We have virtual particles in quantum field theory (QFT). In general, they don't have the need to obey causality.
My question is:
Do the processes in QFT (electron self-energy, photon self-energy, electron-photon vertex, etc.) have to obey causality?
For example, can some parts of the electron self-energy diagram fall out of the light cone?
Or can some parts of the electron-positron annihilation process fall out of the light cone?
Quantum fields are fields that have observables at each spacetime point. In QFT these observables evolve according to local, relativistic equations of motion. In addition, the observables at any two spacelike separated points commute with one another.

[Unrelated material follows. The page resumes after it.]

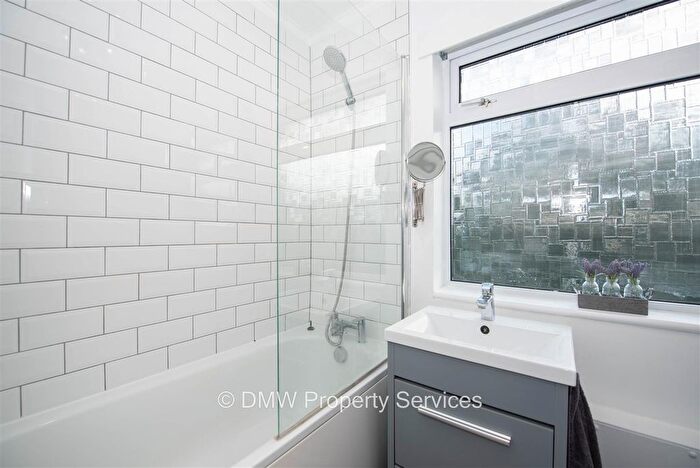 3 Bedroom Flat To Rent In Malcolm Close, Mapperley Park, Nottingham, NG3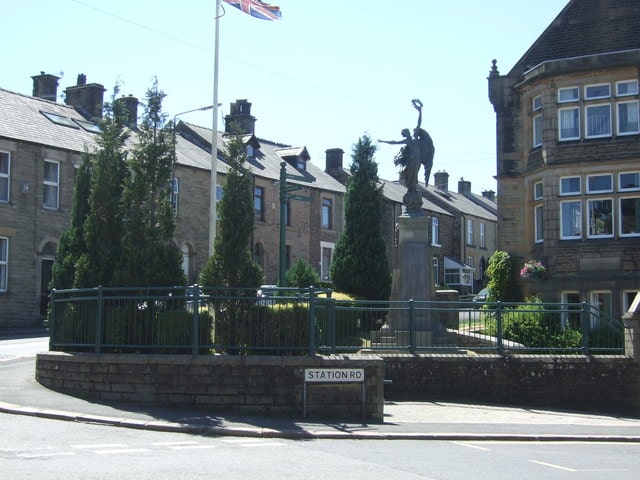 Hadfield War Memorial. Original image by JThomas at: https://www.geograph.org.uk/photo/5898660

A particle is a particular kind of state of a quantum field that acts in nice particle like ways. If you try to measure the number of particles on a level smaller than the Compton wavelength $h/mc$, which is the wavelength of a photon whose energy is the same as the rest mass of the particle, that requires interacting with other fields with energy and momentum components on the scale of the inverse Compton wavelength. This can produce particle anti-particle pairs of the particle you're tying to localise and this undoes your attempt at localisation.
Since real a particle states isn't localised at a particular point but is instead a bit fuzzy, so is its "light cone". The notion that a particle is going outside of its light cone is based on an unphysical idea that it was localised at a particular point.
In "Quantum field theory for the gifted amateur" by Lancaster and Blundell, section 8.3 they do a calculation of the amplitude for a relativistic particle propagating from one point to another. they find that it leads to the particle propagating outside its light cone. This sort of calculation can cause confusion because there is no such thing as a particle being at a single point in QFT. Lancaster and Blundell try to treat this as a reductio ad absurdum of single particle relativistic quantum mechanics and mention the Compton wavelength issue at the end of the section, but this seems to confuse a lot of readers.
A better discussion of locality in quantum field theory can be found in "The conceptual framework of quantum field theory" by Anthony Duncan, see especially Chapter 6, Section 6.5.
Regarding your first question: Every observable process have to obey causality. One of the reason why QFT is created in the first place is that we want a quantum theory obeying the causality.
This point has been clarified well enough by the previous answers. But looking through the question it seems that OP's question is more concentrated on the causality in Feynman diagram.
It is important not to mistake Feynman diagram for an actual process. Feynman diagram is just a way Feynman introduce to simplify the calculation of perturbation in QFT, so the process you see in a Feynman diagram, like one electron and positron collide and generate a virtual photon (mind the word "virtual") is not actually happening. And that' s why virtual particles might violate causality--they don't actually exist.
No, to my knowledge causality is a crucial part of quantum field theory. Everything that can be measured has to obey causality. For bosons, this corresponds to the fact that $\langle 0|[\phi(x), \phi^*(y)]|0 \rangle$ is always zero at space-like separation. For fermions, we know that $\langle 0| \lbrace \psi(x), \bar{\psi}(y) \rbrace |0 \rangle$ is zero outside the light cone. Since operators such as charge, energy, and momentum always involve an even number of spinor fields, this is enough to ensure that $[\mathcal{O}_1(x), \mathcal{O}_2(y)]$ is also zero outside the light-cone. Which says no two measurements can effect each other at space-like separation.
By the way, I don't have a mathmatical proof of how the anticommutation relation is related to the commutator of the operators. I would love to see one.